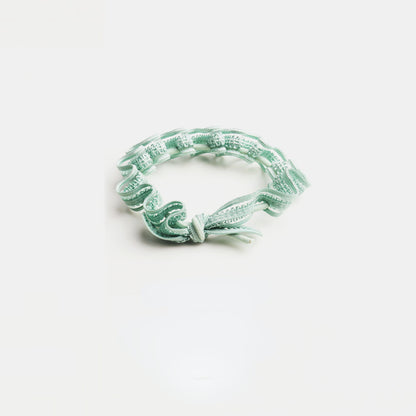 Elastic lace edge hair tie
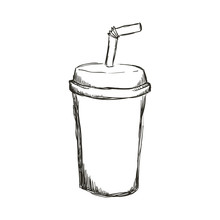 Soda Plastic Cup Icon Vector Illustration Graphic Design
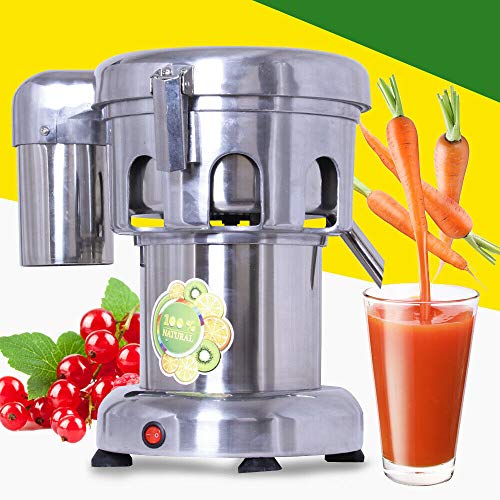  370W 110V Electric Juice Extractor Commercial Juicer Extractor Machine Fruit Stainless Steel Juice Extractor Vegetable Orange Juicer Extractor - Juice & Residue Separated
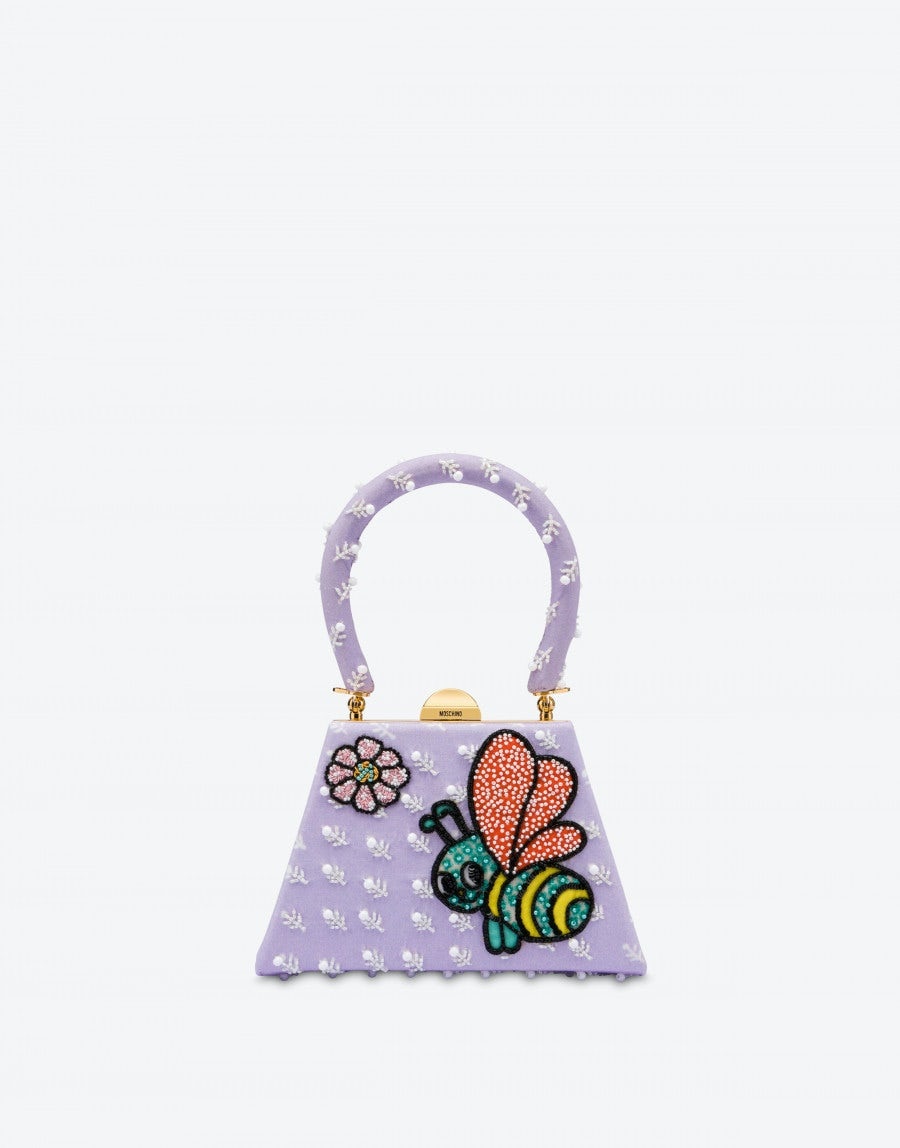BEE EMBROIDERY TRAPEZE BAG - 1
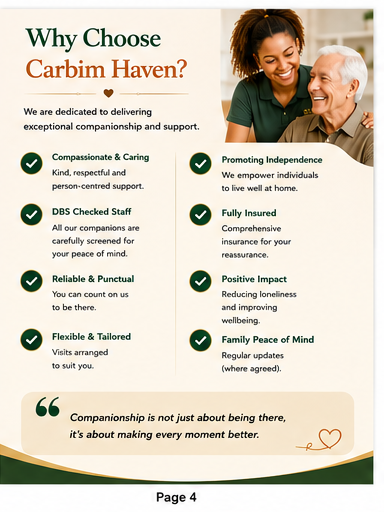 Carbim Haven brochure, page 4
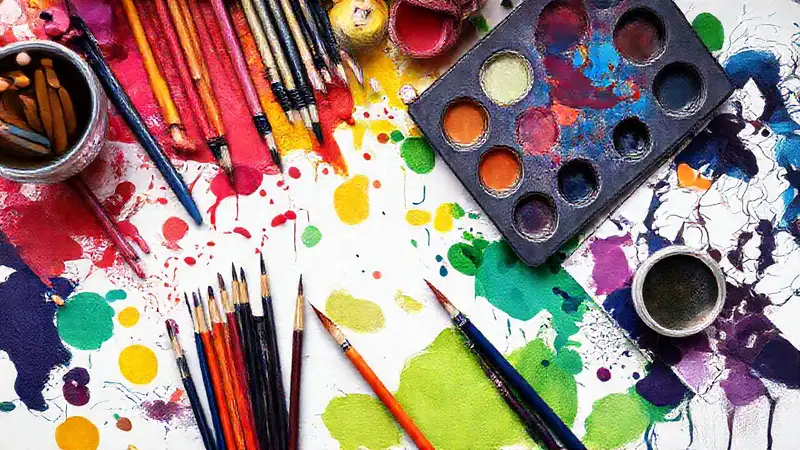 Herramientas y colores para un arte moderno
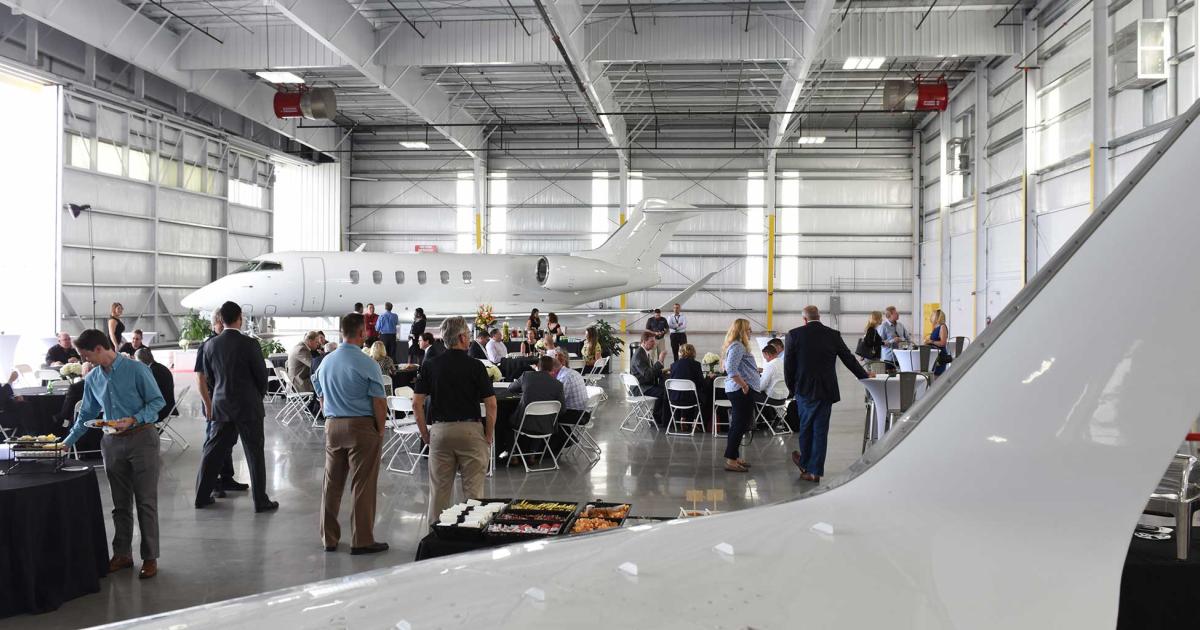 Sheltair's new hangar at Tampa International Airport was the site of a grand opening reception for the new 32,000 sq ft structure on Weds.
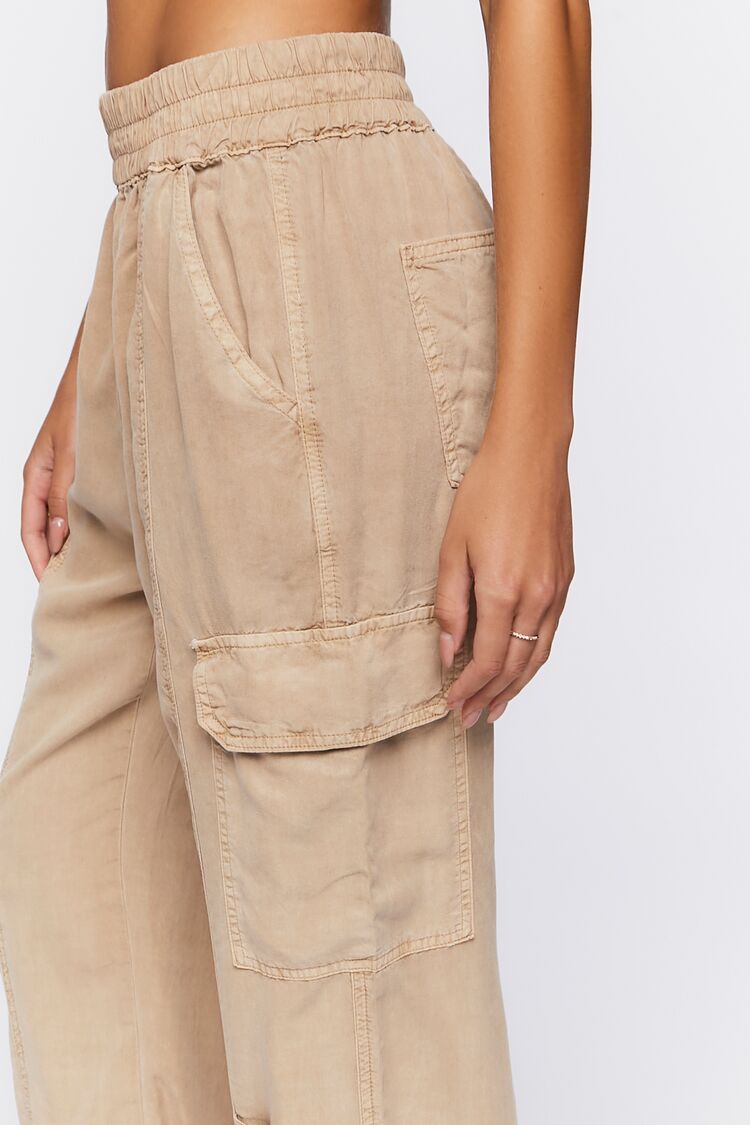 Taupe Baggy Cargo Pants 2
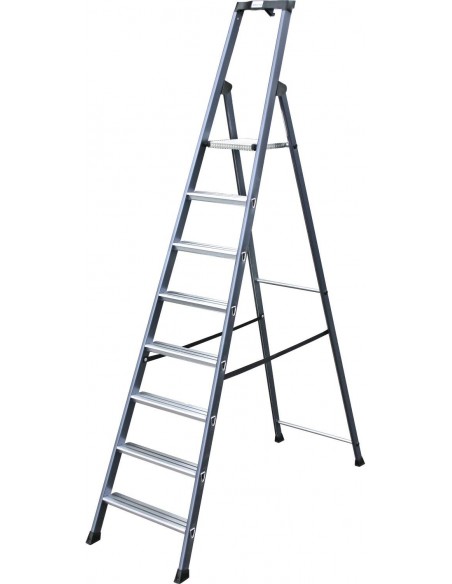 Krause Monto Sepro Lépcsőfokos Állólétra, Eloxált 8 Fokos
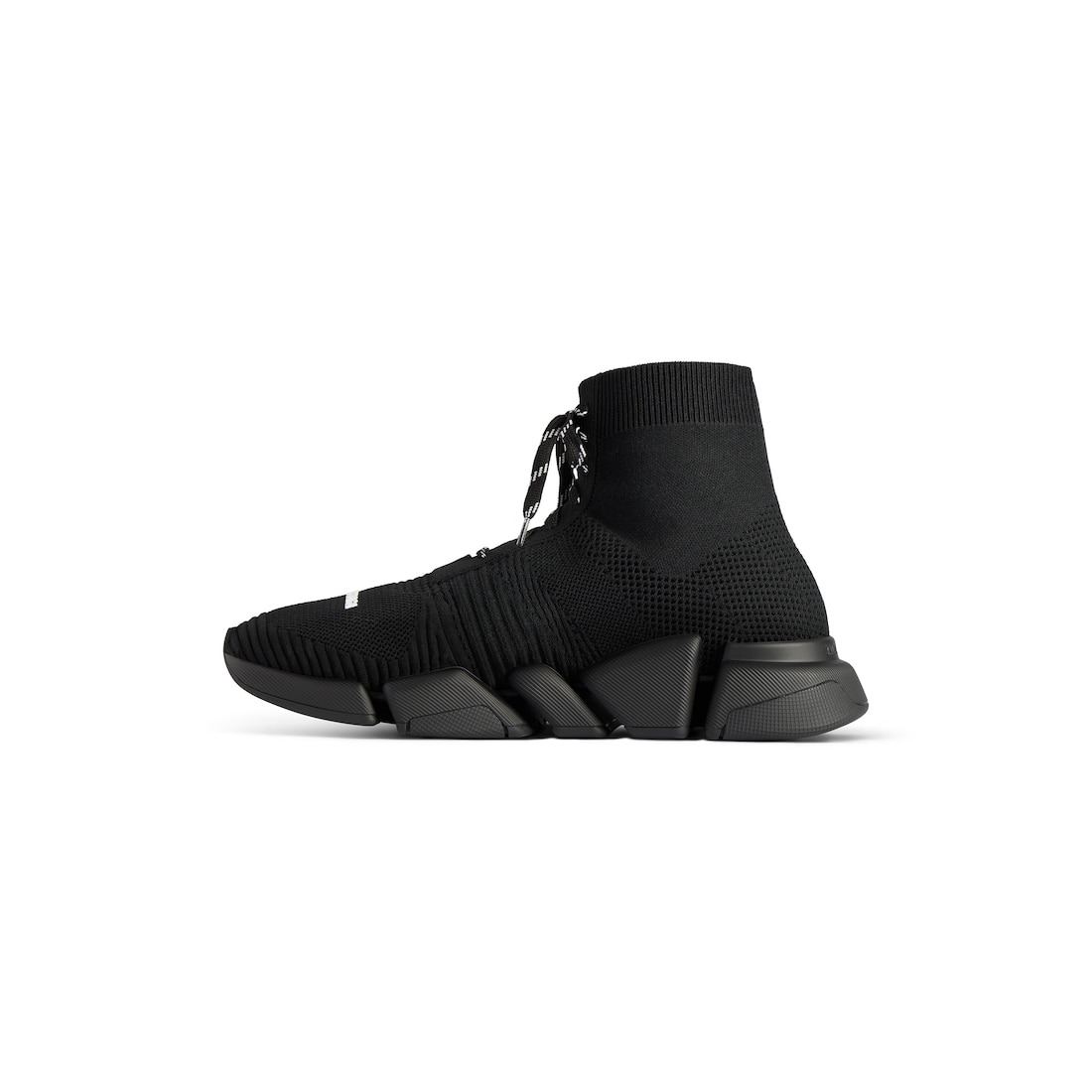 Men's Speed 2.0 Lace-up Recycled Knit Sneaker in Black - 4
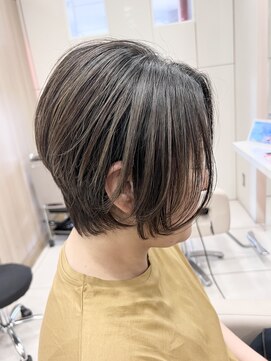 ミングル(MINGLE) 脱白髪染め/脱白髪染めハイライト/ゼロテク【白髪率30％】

□ □ □ □ □

### YOUR OBJECTIVE
Keep out the pictures, and copy exactly the lines from the one that contains "Herramientas y colores para un arte moderno" through the final line of the records above, both ends included.

### ANSWER AREA
 Herramientas y colores para un arte moderno
 Sheltair's new hangar at Tampa International Airport was the site of a grand opening reception for the new 32,000 sq ft structure on Weds.
 Taupe Baggy Cargo Pants 2
 Krause Monto Sepro Lépcsőfokos Állólétra, Eloxált 8 Fokos
 Men's Speed 2.0 Lace-up Recycled Knit Sneaker in Black - 4
 ミングル(MINGLE) 脱白髪染め/脱白髪染めハイライト/ゼロテク【白髪率30％】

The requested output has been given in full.